=== What is required ===
Return the listing exactly. Keep no pictures.
*** Data provided ***
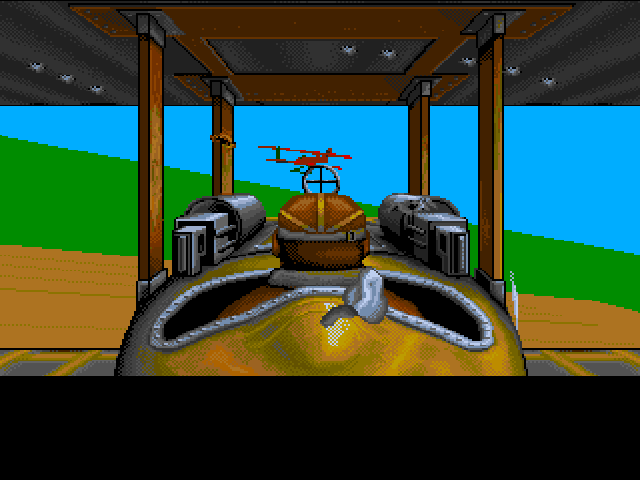 Wings (Amiga) screenshot: Tailing a German biplane.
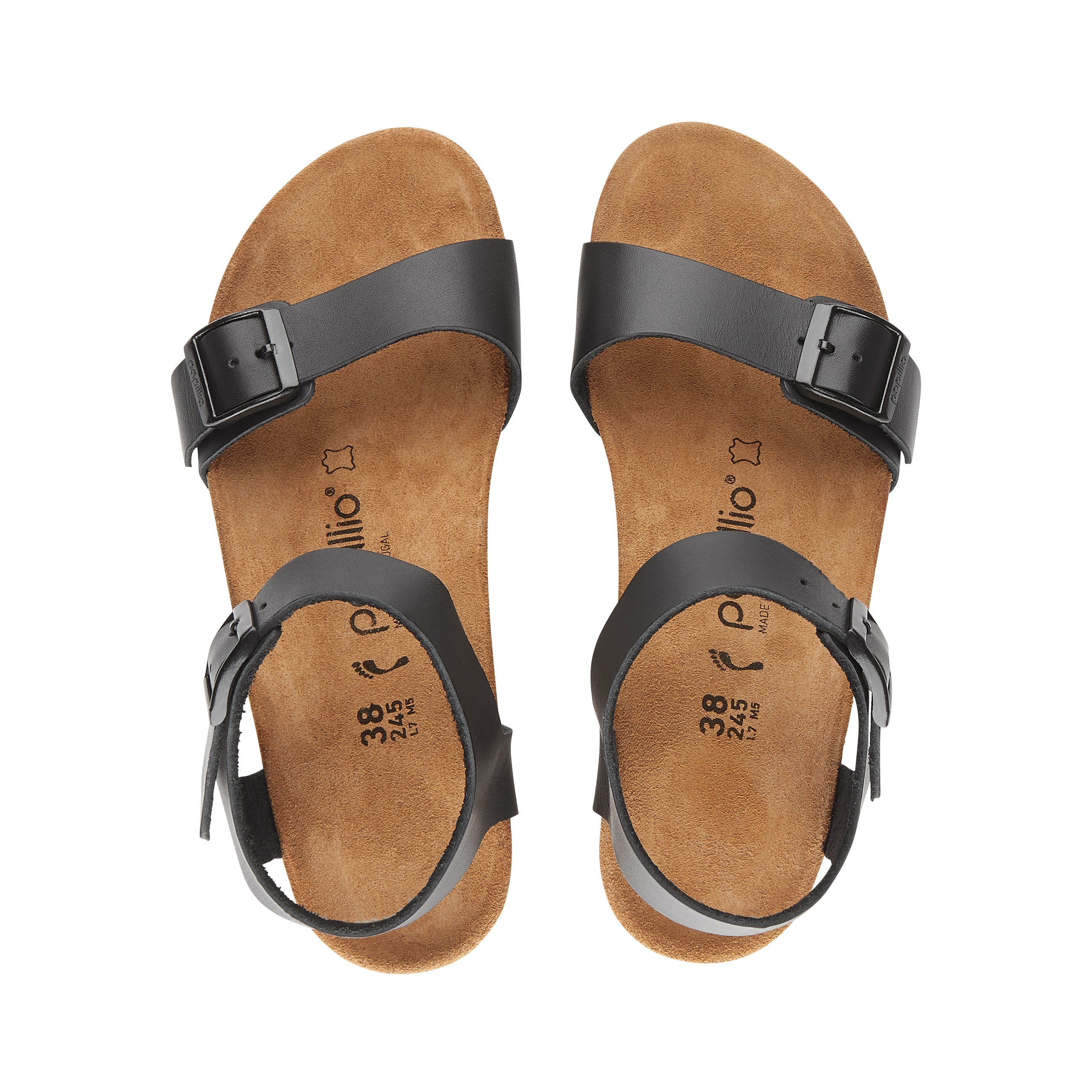 Birkenstock Soley Black Smooth Leather Square Buckle top view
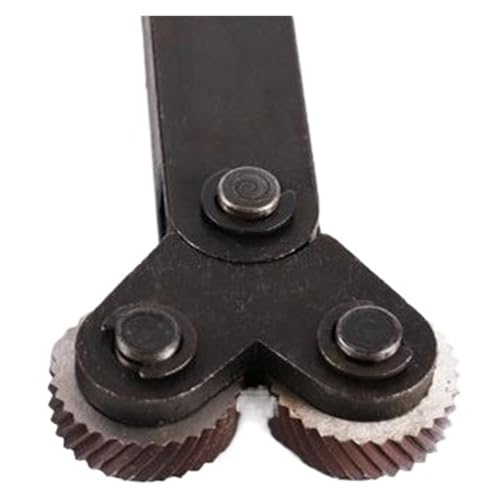 Stahl-Doppelrad-Rändelwerkzeug, Rändelwerkzeugsatz Drehmaschinen-Rändelwerkzeug, Einzelrad, Doppelrad, superhartes Material, 0,4–2,0 mm(Double Wheel,1.6mm) von AMZBNEIDI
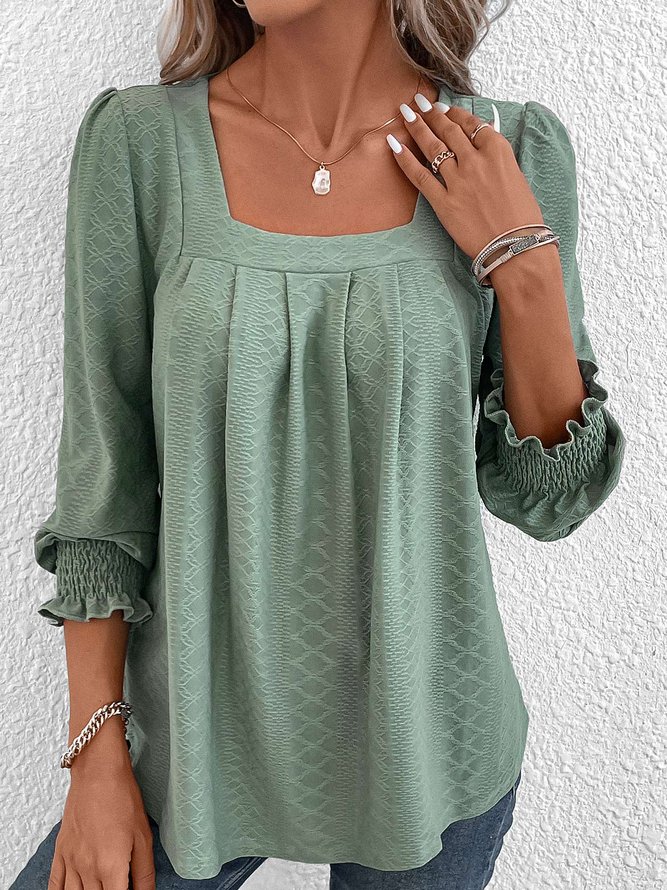 Jacquard Plain Square Neck Loose Casual Long Sleeve T-Shirt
*** End of Data provided ***
=== Answer below ===
 Wings (Amiga) screenshot: Tailing a German biplane.
 Birkenstock Soley Black Smooth Leather Square Buckle top view
 Stahl-Doppelrad-Rändelwerkzeug, Rändelwerkzeugsatz Drehmaschinen-Rändelwerkzeug, Einzelrad, Doppelrad, superhartes Material, 0,4–2,0 mm(Double Wheel,1.6mm) von AMZBNEIDI
 Jacquard Plain Square Neck Loose Casual Long Sleeve T-Shirt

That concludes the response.